Here I’m using the term “sick” in the sense of having a fever, cough, aching…you know, actually being ill. Just to get that out of the way.
I’ve been fairly sick over the past week and a half and am finally getting better. I had a couple conversations though, that made me realize two things. 1) Someone who hasn’t been REALLY sick in a while doesn’t actually remember how it feels. They equate staying home with “having a vacation.” 2) When I am sick I do not feel sexy, do not want to think about sexy things, and do not want to talk about sexy things.
Frankly, while sick, I don’t want there to be another person in the room aside from the one who gets me tea (and promptly leaves again). This, however, is mostly (only?) if I’m coughing or otherwise spewing germs about. Part of this feeling comes from just wanting to do absolutely nothing, and dealing with people is a Something. But the other part of this feeling comes from the incredibly guilty feeling of maybe getting someone else sick. There is no way I want to inflict on someone else what I’m feeling. (Unless they’re my arc-enemy, and in that case I don’t want them around when I feel ill anyway.) So no cuddles. No hugs.

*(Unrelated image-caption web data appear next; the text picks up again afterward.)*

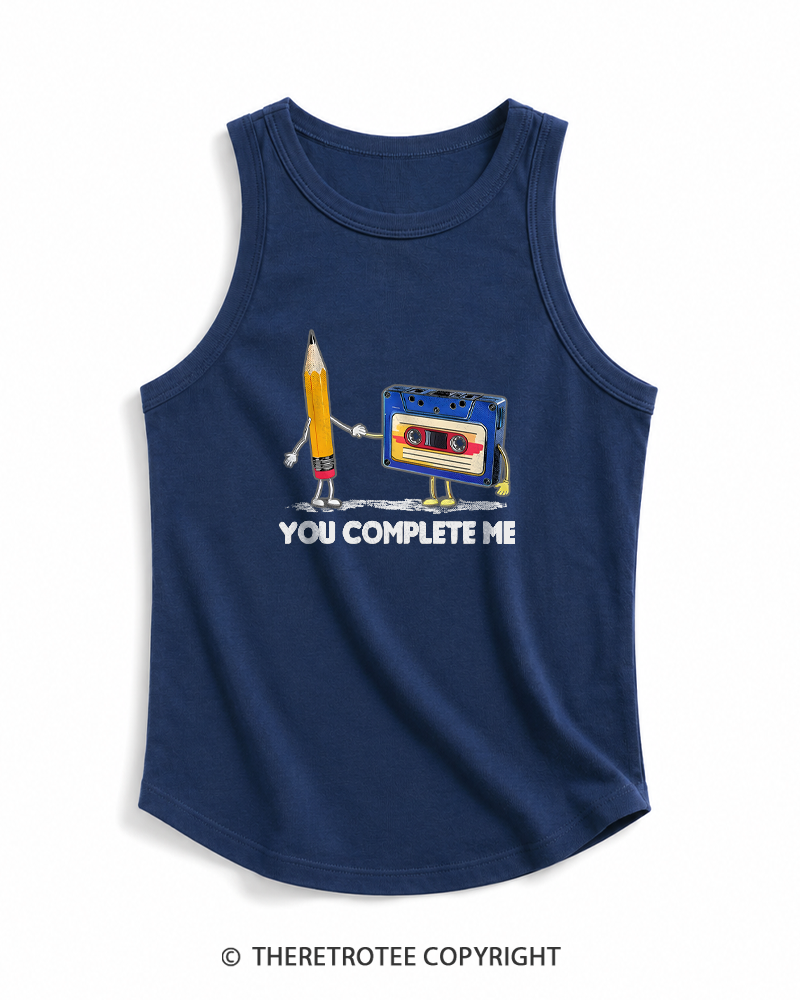 TheRetroTee You Complete Me Pencil & Cassette 1980s Tank Top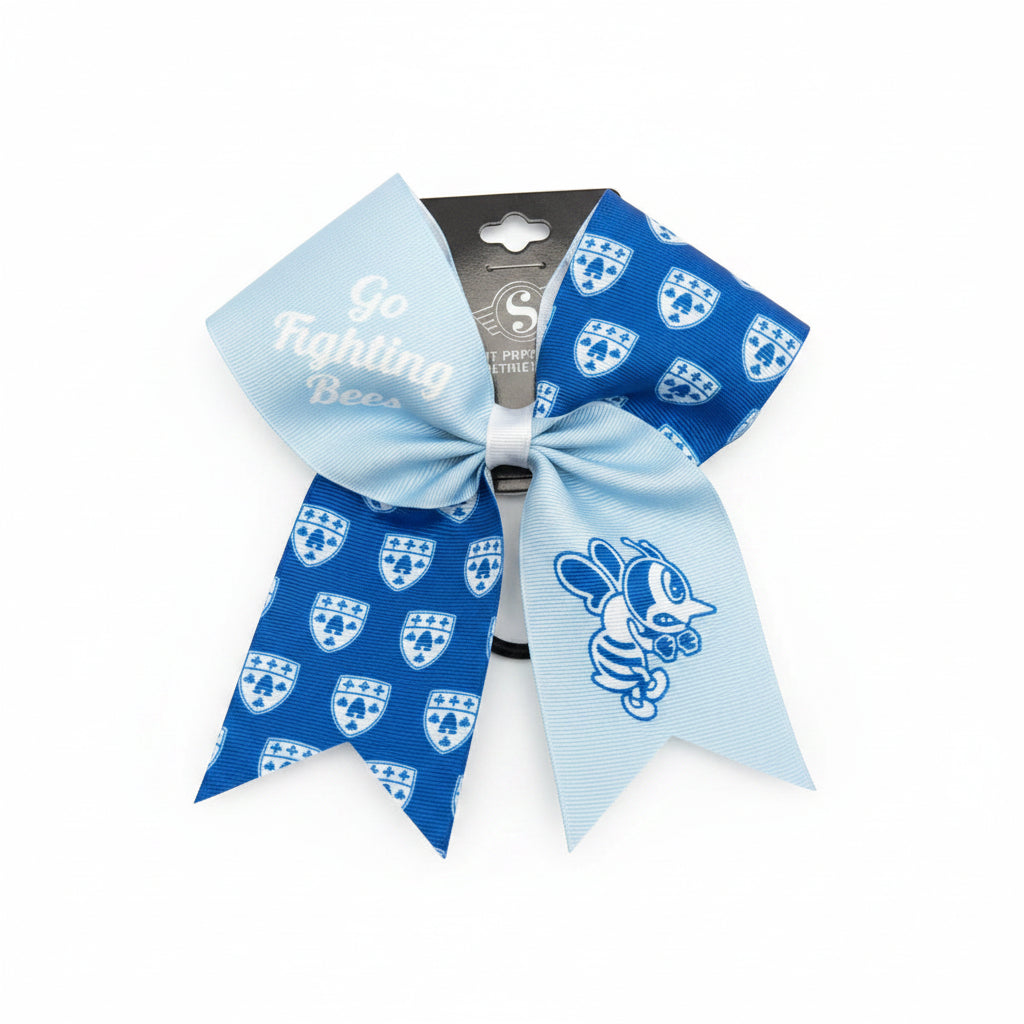 Cheer Ribbon Barrette | Royal/White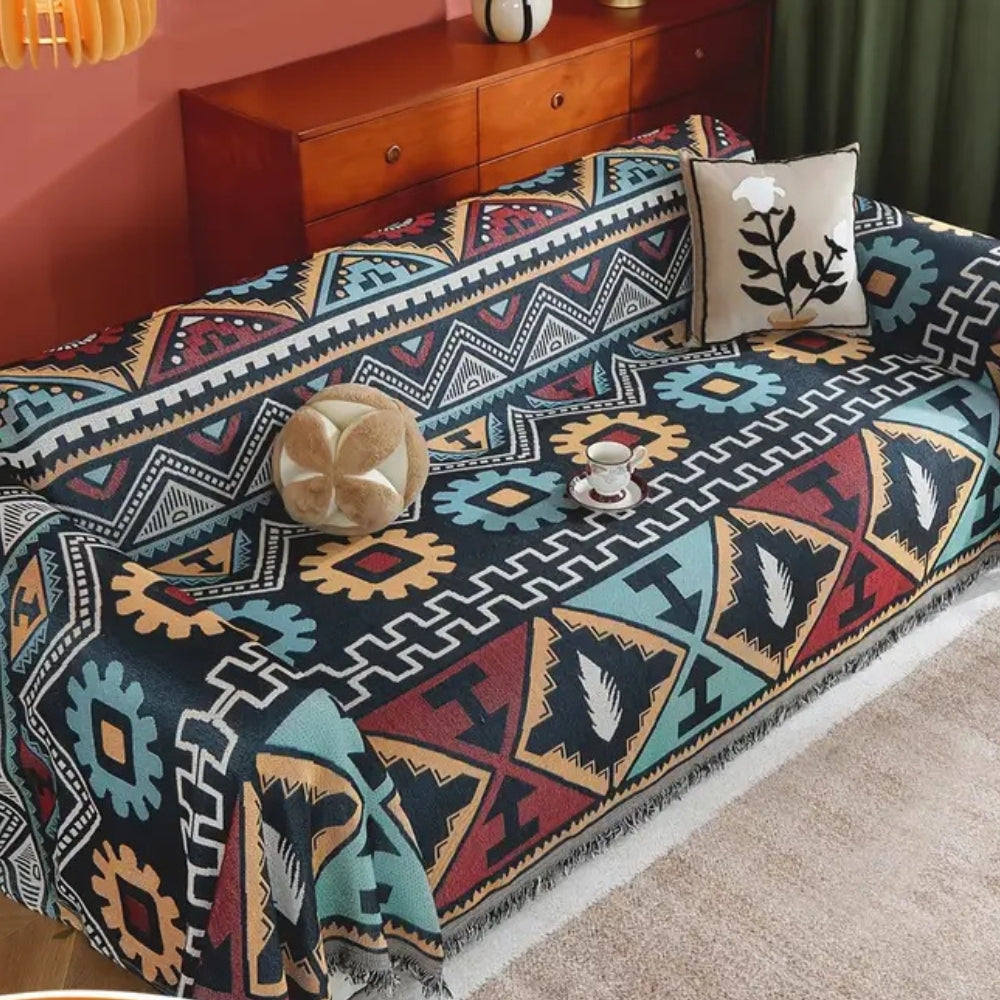 Sofa Cover Aztec Geometric Microfiber Blend Tassel Accents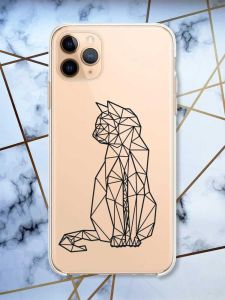 Прозорий чохол на Apple iPhone 11 Pro Max (6,5) Котик принт 124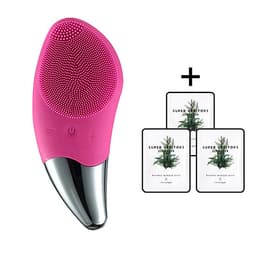 Máy Rửa Mặt Mini Massage Làm Sạch Sâu Tích Hợp Sóng Âm BR-1020 + Tặng 3 gói sữa rửa mặt thải độc Super Vegitoks Cleanser 3ml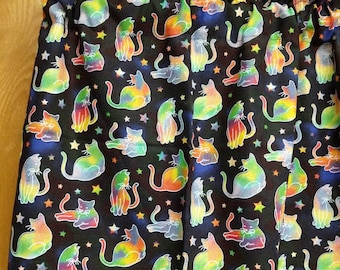 Green Yellow red Black Cats Stars Handmade 100% Cotton Curtain Valance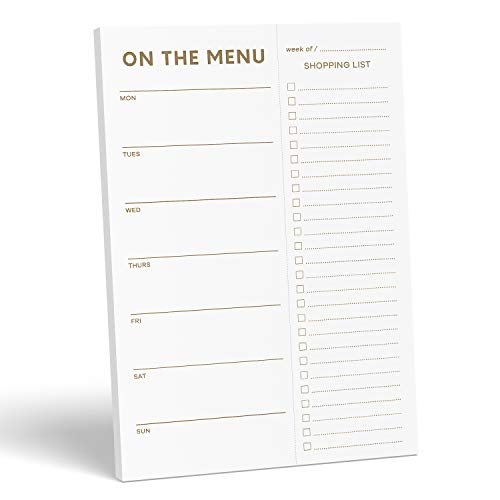 Sweetzer & Orange Gold Meal Planner and Grocery List Magnetic Notepad. 7x10” Meal Planning Pad with Tear Off Shopping List. Plan Weekly Menu Food for Weight Loss or Dinner List for Family!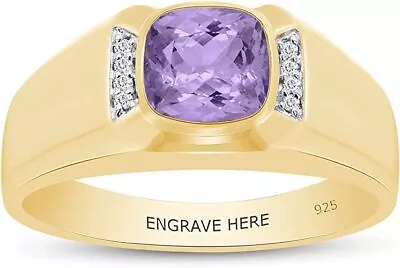 Simulated Birthstone & White Cubic Zirconia Engravable Men's Band Ring Sterling • $80.99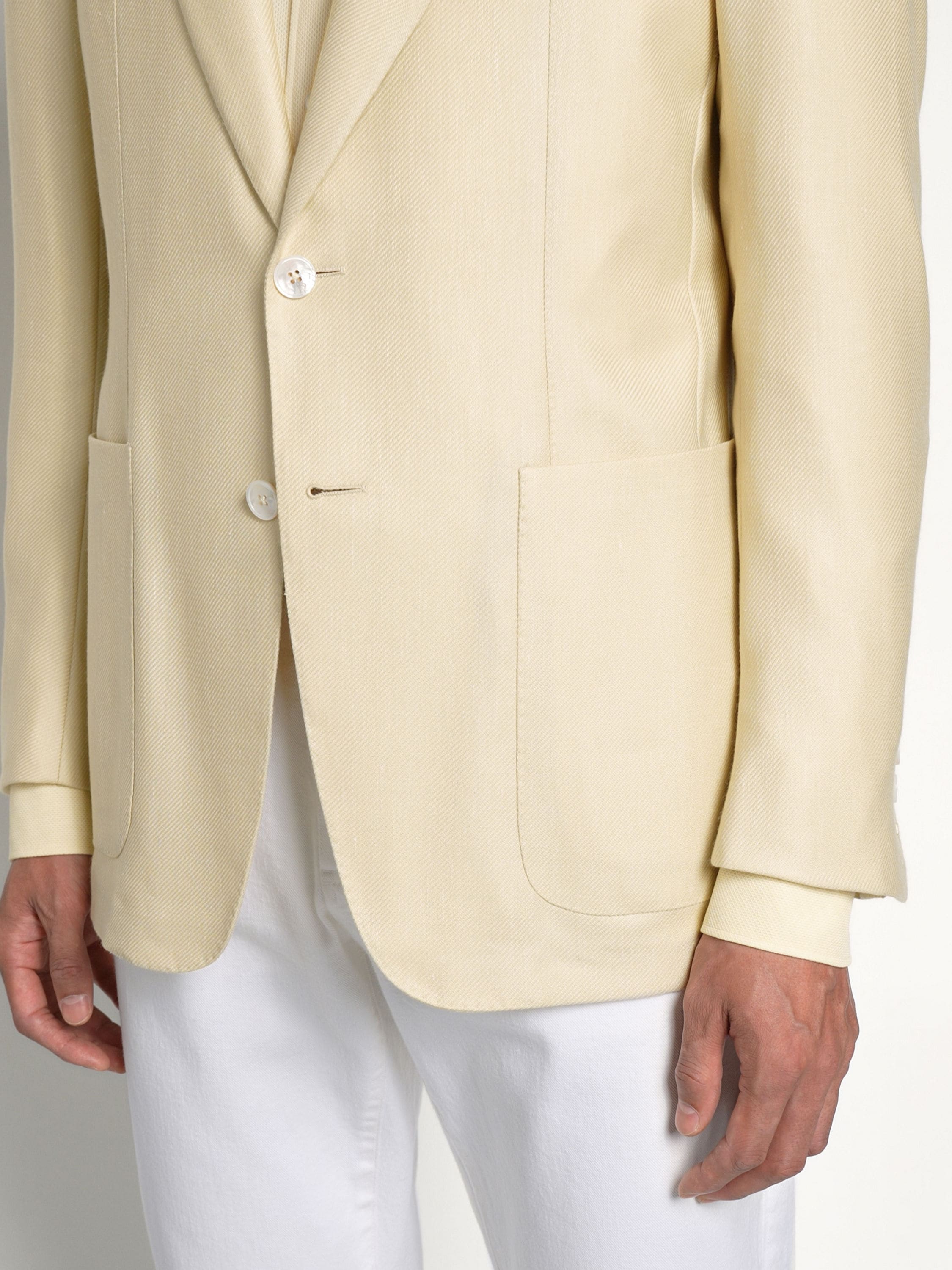 Pastel Yellow Cashmere Silk and Linen Jacket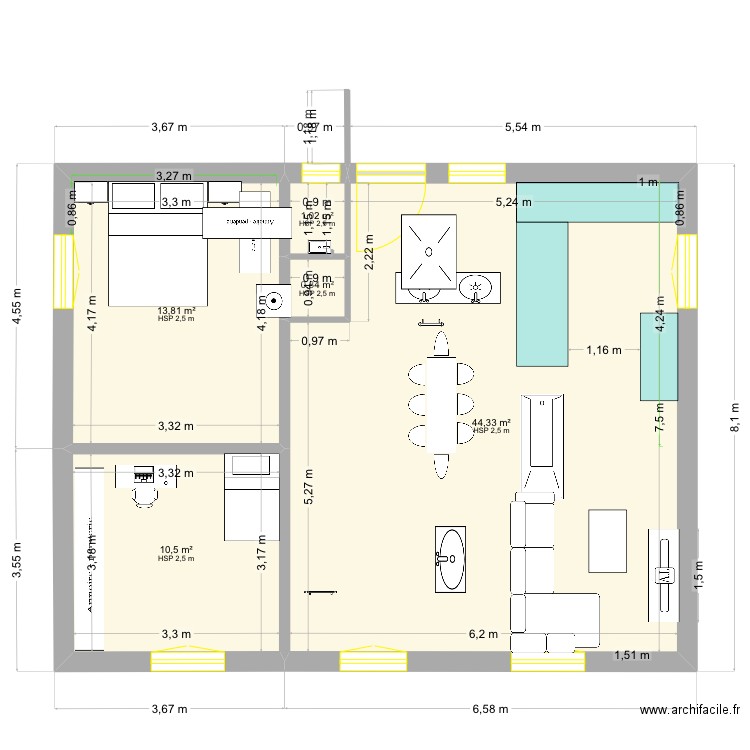 Bellet 11. Plan de 5 pièces et 71 m2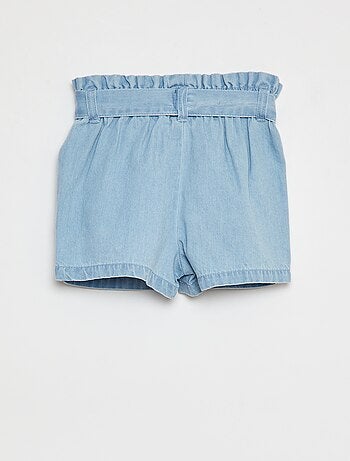 Pantalón corto de algodón efecto denim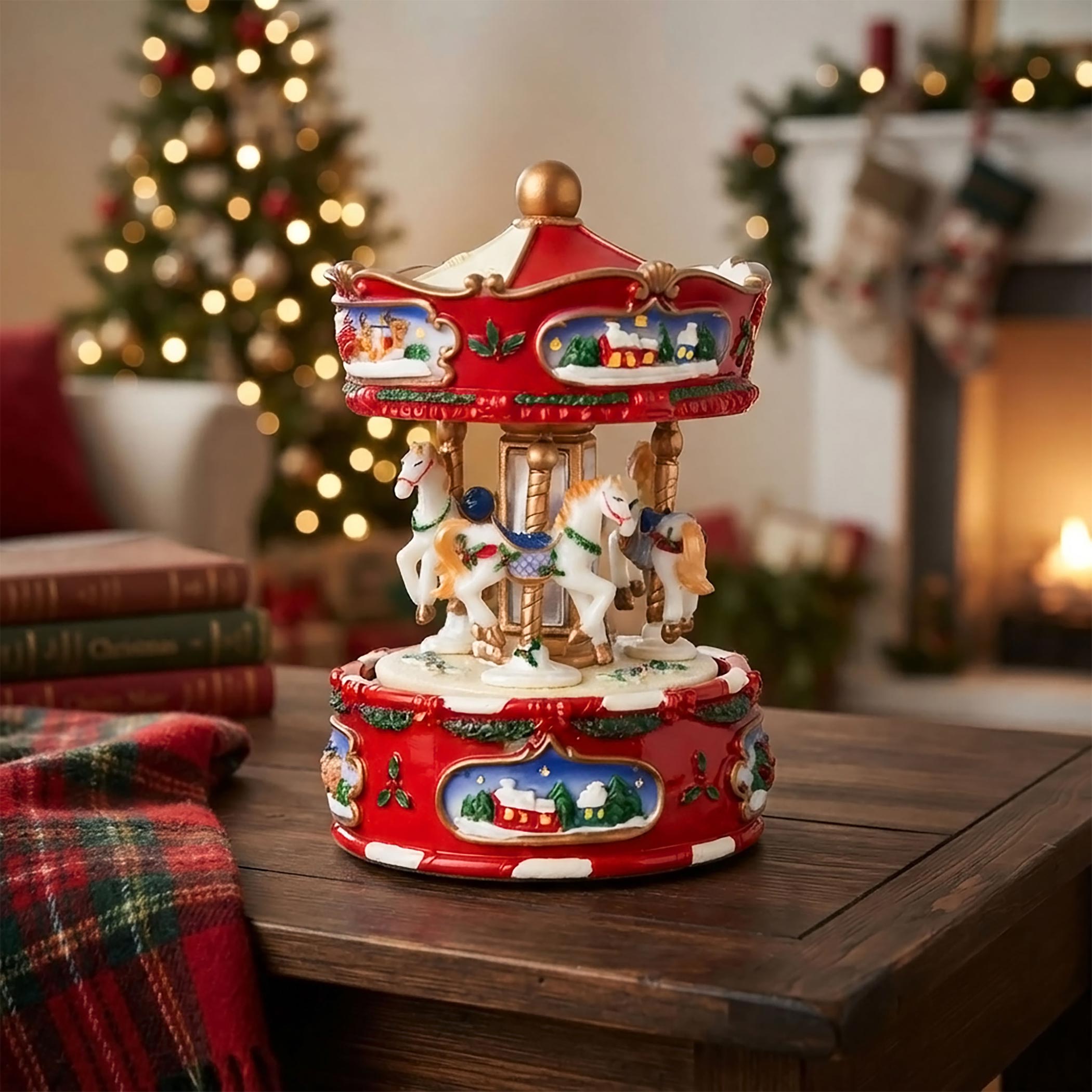 Retro Spieluhr Karussell "Jingle Bells" zum Aufziehen - 18 cm - Nostalgie Kinderkarussell drehend mit Musik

No jokes about guys thinking girls in leggings and t-shirts look super sexy and make guys want to have sex or cuddle because ew, I’m sick, don’t touch me.
Ok, sometimes you just really need a hug when you’re sick, I admit this. But a hug is waaaay different than sex, plus you still have the guilty “I don’t want to get you sick” feelings. Mostly, when I’m sick, I’d prefer someone show they care by getting me things like tea and soup. They’re like hugs where I don’t have to touch anyone else.
I think being sick falls under the “no touch” zone. Don’t touch me unless I specifically ask you to, and I won’t touch you either. I think that makes life healthier for everyone involved.
But what annoyed me the most about the sexy joke was that, while being sick, my mind was so far from thinking about sex it was on another planet. While sick, sex was gross. Sex was don’t even want to think about it. And having a joke made about girls looking sexy while sick just made me think “you don’t remember what being sick is like, do you?” Because I didn’t even care that I didn’t feel sexy. I didn’t want to feel sexy. I didn’t want to look sexy. It didn’t even feel like a compliment at that point because it was so far out of the realm of what I wanted.
Now, I’m not saying that all girls think the same way, or even that I would think the same way in all circumstances. I’m pretty sure a high fever (the one that had me staring lethargically at the wall most of the week) had a lot to contribute to my brain processes. But what I am thinking is that if someone is sick, don’t talk about them being sexy in pajamas. Talk about neutral things like the weather or anything that they don’t have to respond to if they don’t want — things that don’t take a lot of brain power. Or better yet, if you’re in the same geographic area, bring them chicken soup and don’t talk at all.